"""

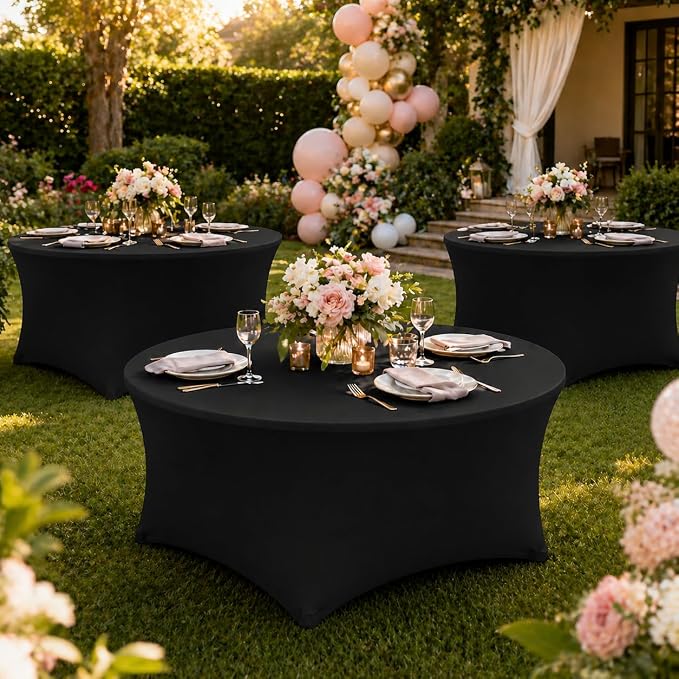 Round Table Covers - 6 Pack 60x30 Inch Table Cloth - Black Fitted Stretch Spandex Round Tablecloth for Party, Wedding, Birthday, Hotel, Banquet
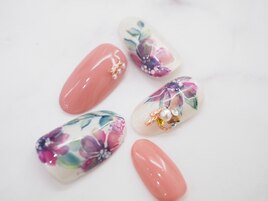 サマーフラワーネイル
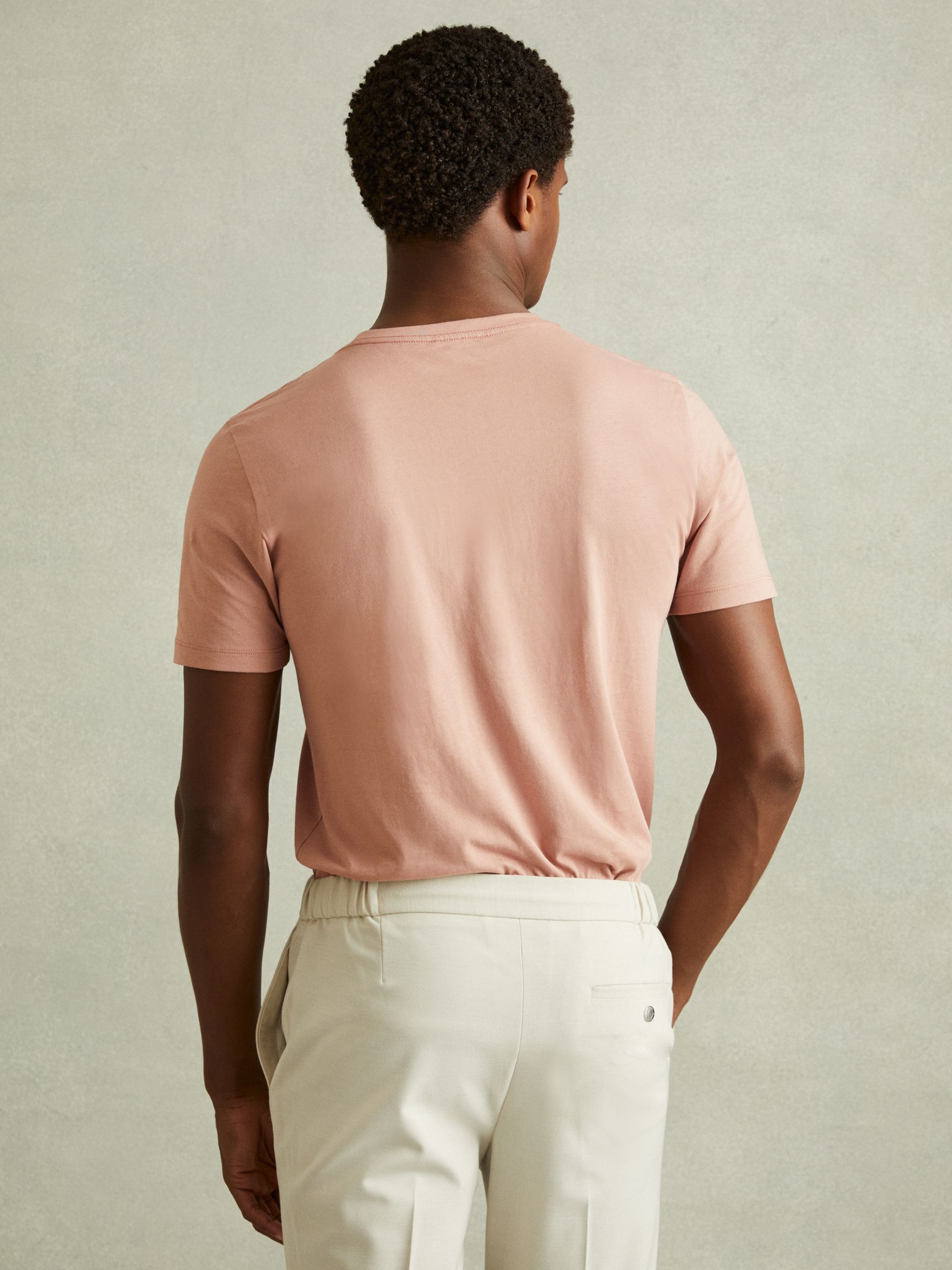 100% Cotton Crew Neck T-Shirt in Dusty Pink - Image 4 of 5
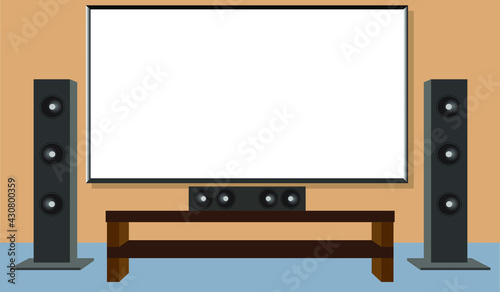Stereo set vector in the living room for copy space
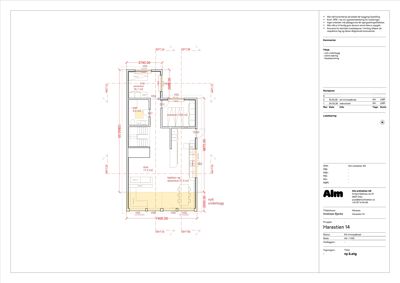 Etasjeplan som viser romfordeling, mål og funksjoner i et hus.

"""

== Prompt ==
Set down word for word every line from the line containing "Stereo set vector" through the last line of the entries, and nothing more; no pictures.

== Completed exercise ==
Stereo set vector in the living room for copy space
 Etasjeplan som viser romfordeling, mål og funksjoner i et hus.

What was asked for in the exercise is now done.